Da un articolo del «Corriere d'Informazione» (1974)

Hanno affrontato le battaglie più audaci di questi nostri anni inquieti; si sono votati al rispetto delle grandi leggi ecologiche per salvare quello che resta del nostro inquinato Paese; hanno scosso l’Italia con una serie di casi clamorosi, senza temere nessuno. Li chiamano «pretori d’assalto»: qualcuno li accusa di imprudenza oppure di ambizioni che vanno al di là della loro competenza o ancora di voler scardinare le antiche regole della magistratura. Altri, invece, identificano in loro i superstiti interpreti della «vera giustizia» quasi potessero coesistere due giustizie.

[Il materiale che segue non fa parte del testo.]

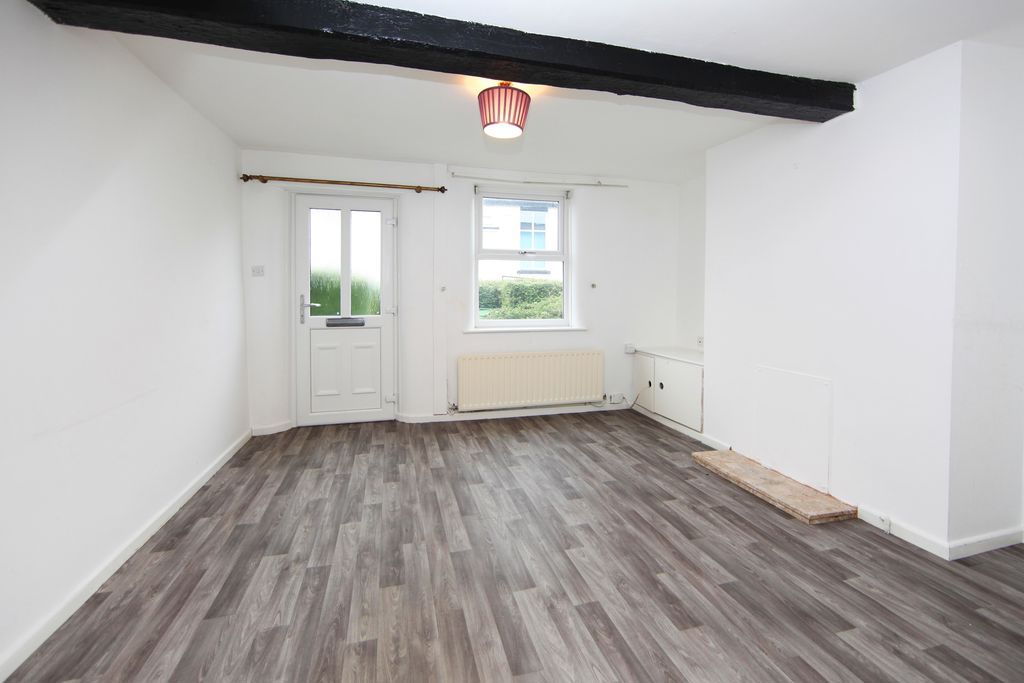 Property photo 2 of 12 Photo 2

Li accomuna l’età: sono tutti intorno ai trent’anni, nati in epoca di guerra, quasi col segno premonitore di un destino di lotta. Lo stesso entusiasmo, la stessa certezza nel diritto, anche se esercitano al livello modesto delle preture. Ma chi sono, cosa vogliono, come agiscono questi giovani giudici che di continuo danno la sveglia a una società italiana rassegnata ai giochi di sottogoverno, alle prevaricazioni dei gruppi di potere, alla girandola di miliardi che sta dietro, per esempio, all’ultimo clamoroso episodio dello «scandalo del petrolio»?

L’intervista con il pretore Sansa, fatta prima che scoppiasse il «caso Garrone», vuole sintetizzare appunto i principi cui si ispirano i «pretori scomodi».

«NON MI ASPETTAVO TANTA RISONANZA DA PARTE DELLA STAMPA»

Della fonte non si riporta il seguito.